Pickup lines? Try meaningful conversation
The secret to a sucessful relationship is becoming friends first, and then dating afterwards
Hello lovely readers of The Tech! This week I’m going to tell you about how to get to know someone better whom you find romantically interesting. This article is advice for someone interested in a potential relationship, so if you want tips on one-night stands or random hook-ups, you might want to look elsewhere.
As MIT students, we all know some awfully geeky pickup lines such as “I wish I were your derivative so I could lie tangent to your curves,” but I’ve only heard them used in a joking manner.
We all poke fun at how nerdy MIT can be at times. However, it’s sometimes a distraction from being honest about how one actually feels about another. Oftentimes, people say lines like the above when they are really thinking, “Haha, look at me, I’m using this really nerdy line, but really, I want to get to know you better.” So, the question becomes, how do you actually do that?
Honestly, I feel like pickup lines are just a general don’t unless you want to come across as a stereotypical frat boy. Guys using pickup lines have hit on me before, but I’ve never taken them seriously. Sure, I’ve been flattered, but I instantly think, “How many others have you used that on?”
I went to Italy for the second time two summers ago. A girlfriend and I traveled together, and over the trip we became accustomed to the flattery and words of Italian men. But by no means did we ever consider ourselves “special.” Those men do that to women of all shapes, sizes, and ages; it’s a great ego-boost! So while they caught our attention, they retained it but for a moment. If you really want to get to know someone and maybe go out on a date, there isn’t a quick method. Like baking a cake, there are several steps to asking someone out.

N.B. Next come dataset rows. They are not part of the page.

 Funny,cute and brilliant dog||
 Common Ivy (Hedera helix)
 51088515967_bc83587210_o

Say you meet someone in a situation where you could see them repeatedly (a class, recitation, club, etc.). That’s great! Make an effort to sit next to them. Maybe arrive close to when the class starts, so you can just slip into the room and pull up a seat. Or, if they’re the early type, make an effort to arrive early! Use the common ground of the class/club/group as an initial topic of conversation. Pay attention to what the other person is saying so you can add on to what they just mentioned or suggest something else they might like given their known interests.
Don’t force a conversation. We all have days where we’d just prefer to be quiet. That’s okay! There will be plenty of other opportunities to talk. If you really want to say something, at the end of class you can say something like “Hey, you seem a little down. If you ever want to talk, I’m all ears. Might not be much help, but sometimes it’s nice to have someone listen to you.” Also, depending on how well you have gotten to know this person, it’s also a great way to subtly give your number/email. Although, I wouldn’t stress that point if you haven’t conversed much. I’d feel comfortable texting/emailing someone after I’ve spoken with them a handful of times, assuming the conversations haven’t been only two minutes long.

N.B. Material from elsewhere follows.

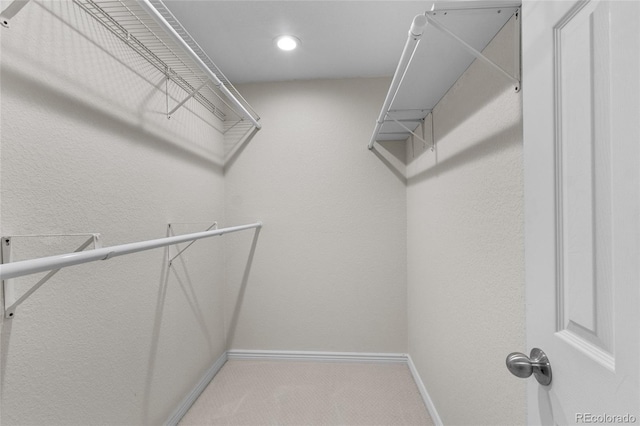 spacious closet featuring carpet floors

If however, you find yourself regularly chatting with an interesting person, and you want to see them outside of class, p-set buddies are the greatest! Having something like a class in common is a super easy way of socializing with your person of interest. My boyfriend and I met by taking the same class. I saw that he was good in the class and I knew I needed help; he saw that I was cute or something and knew he wanted to get to know me. Without even thinking, it was just natural to say “Hey! Want to p-set together?” Turns out we became super close friends and, seven months later, well, the rest was history! That brings me to my next point: go slowly. But not too slowly — as in you can’t just wait around for the other person to suggest options for getting together. You need to be actively involved in creating reasons to see the other person like, “can you help me with this p-set?” or, “shall we grab lunch together and then work?”
I firmly believe the best relationships are those formed first in friendship and then develop into something more. When that happens, you feel comfortable enough with the other person that you can say, “Hey, you’re being a douche bag. Stop that.” With such freedom to call the other person out, both of you have extremely clear lines of communication, which is essential. Basically, give it some time to naturally develop. Do things together to better your understanding of the other person. And when you’re on the West Coast and your “friend” on the East Coast is staying up until 2:30 a.m. just to catch you for a moment before you go to bed, when he has to be up for work at 7 a.m., I think it’s time you had a talk about the future of your relationship.
A quick summary of key points:
• Be leery of using pick-up lines, as they can often make you come across very differently than you intended.
• Start conversations: first in class by sitting near them/teaming up with them, then as p-set buddies outside of class (exchange numbers and emails), and then just hanging out for fun. Don’t stress romance!
• Grow the friendship first, and then see where it goes.